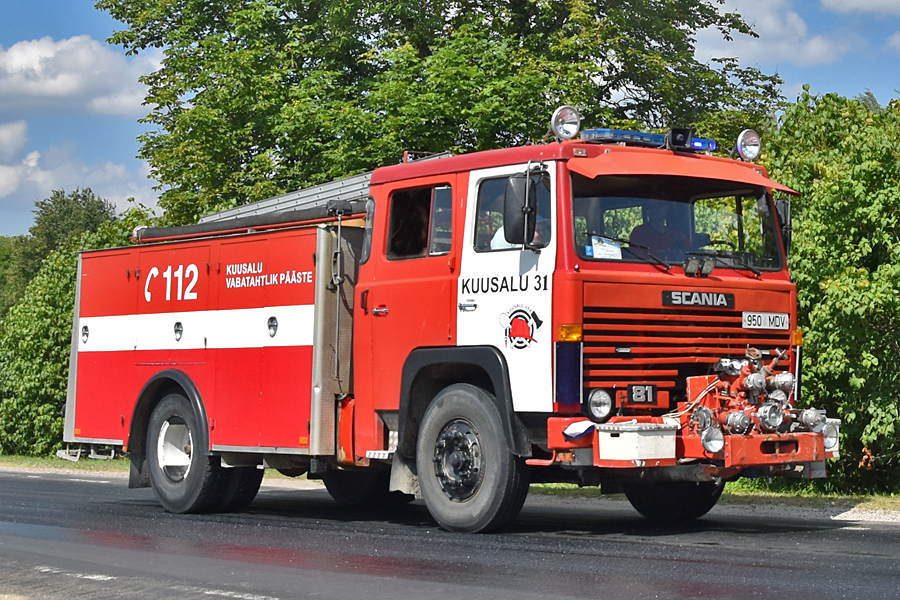 * endine Kuusalu 3-2 (950MDV)
Scania LB81S 38 (1976) ~3000L
27.07.2019
Järva-Jaani
(ex Kose > Kuusalu > Sõrandu VPK)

### GOAL OF THE EXERCISE
All entries must come back exactly as written, though without their pictures.

### REPLY TO THE TASK
 * endine Kuusalu 3-2 (950MDV)
Scania LB81S 38 (1976) ~3000L
27.07.2019
Järva-Jaani
(ex Kose > Kuusalu > Sõrandu VPK)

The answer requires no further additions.